Szkoda, że zremisowalismy, choć zwycięstwo było tak blisko, ale sam fakt zdobycia dwóch goli i prowadzenia w meczu z Niemcami jest już wielkim sukcesem.

 

Przyznam się, że nigdy nie byłem entuzjastą wyboru Franciszka Smudy na trenera reprezentacji narodowej. Strasznie mnie denerwowało, że chcą tego wyboru wszyscy Polacy, bo ja nigdy tego nie chciałem. Argumenty na rzecz Smudy mówiące o jego sukcesach w polskiej lidze mnie nie przekonywały, bo wiem, że polska liga jest skorumpowana.

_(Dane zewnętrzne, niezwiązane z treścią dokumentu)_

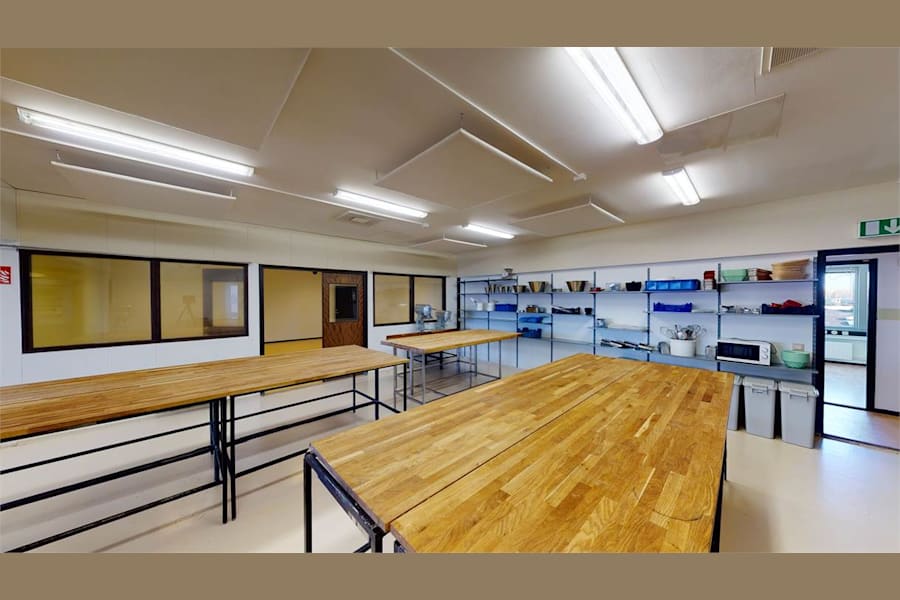 Kontorslokal på Borrgatan 25, Malmö – bild 3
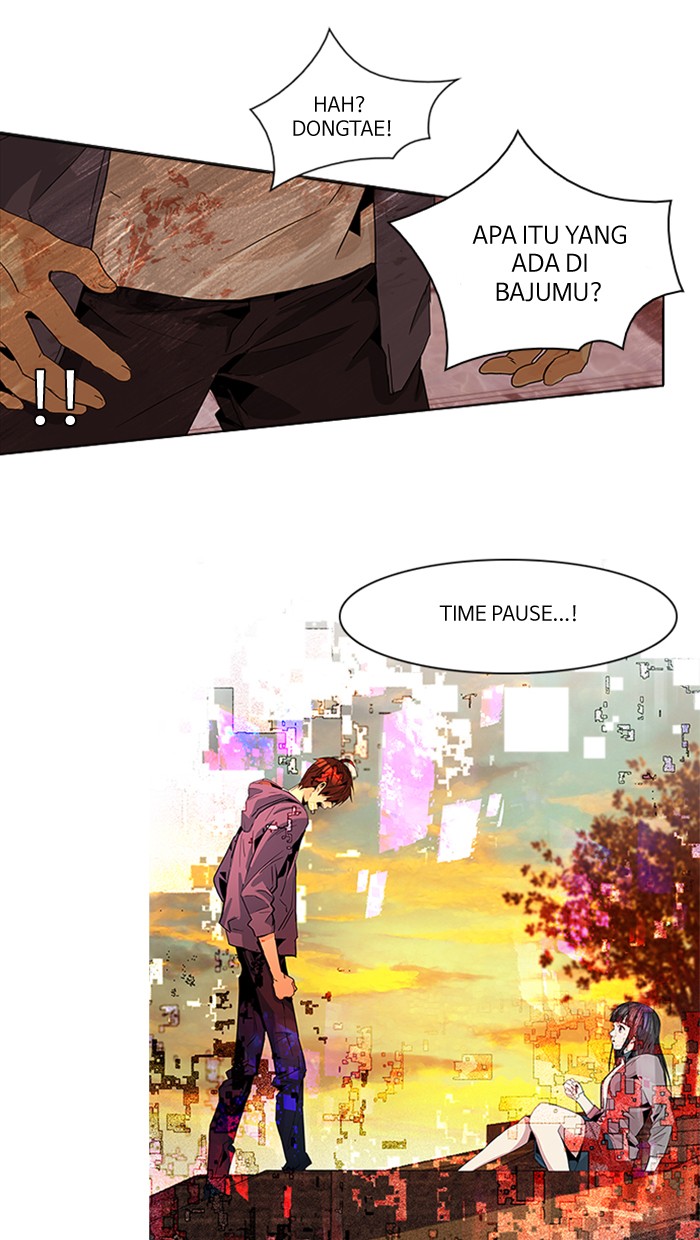 Dice Chapter 58 Gambar 3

Sam forsowałem kandydaturę Piotra Nowaka, człowieka stosunkowo młodego, trenera nowej generacji, który obecnie prowadzi obecnie klub w Filadelfii.

 

Uważałem po prostu, że działacze PZPN zatrudniając Smudę wybrali sobie kogoś podobnego do siebie. „Franz” nie jest intelektualistą, ale trener piłkarski nie jest od brylowania na salonach. Paradoksalnie piłkarze źle dogadują się z trenerem, który jest dużo mądrzejszy od nich. W końcu Kazimierz Górski też był zwykłym facetem, ale była w nim jakaś szlachetność i poczucie misji; nawet schorowany objeżdżał małe gminy, żeby w chłopakach z zapadłych wsi zaszczepiać wolę walki. Chciałbym, żeby Smuda robił kiedyś to samo.  

 

Jest w Smudzie jakaś ogromna siła charakteru, która mi zawsze imponowała. To człowiek o stalowej woli, która wyniósł z domu. Opowiadał mi kiedyś historię o tym jak za młodu szedł pijany z zabawy wraz z ojcem i wpadł do zaspy. Ojciec go w tej zaspie zostawił mówiąc: radź sobie sam, bo w życiu będziesz musiał liczyć tylko na siebie. Młody Franciszek otrzeźwiał przed zamarznięciem i sam wydobył się ze zwałów śniegu. I to doświadczenie zdeterminowało całe jego życie. Gdy pracował w Ameryce został oszukany przez jakiegoś maklera, w skutek czego stracił prawie całe oszczędności swojego życia. Już chciał się wieszać, ale przetrzymał kryzys i znowu doszedł do pieniędzy. Jego nie złamie byle porażka, to pewne.

 

Życzę mu powodzenia, bo polscy piłkarze to wyjątkowo trudny materiał treningowy. Szybko demoralizuje ich nawet mały sukces, co widać było w tym meczu. Już myśleli, że wygrali, więc odpuścili. Jeszcze niedawno klasyfikowano naszych futbolistów gdzieś w okolicy 70 miejsca na świecie, ale większość kopiących piłkę zawodowo lubi obnosić się z luksusem i razi wyjątkową nieskromnością, co zwłaszcza w dobie kryzysu jest niestosowne. Ponadto nasi piłkarze z reprezentacji narodowej są wyjątkowo aroganccy: kibice nie mogą oglądać ich podczas treningów, uciekają przed chłopakami proszącymi o autograf, itp. To, że Polacy ciągle kochają swoich piłkarzy należy tłumaczyć tym, że lubimy być bici i poniewierani.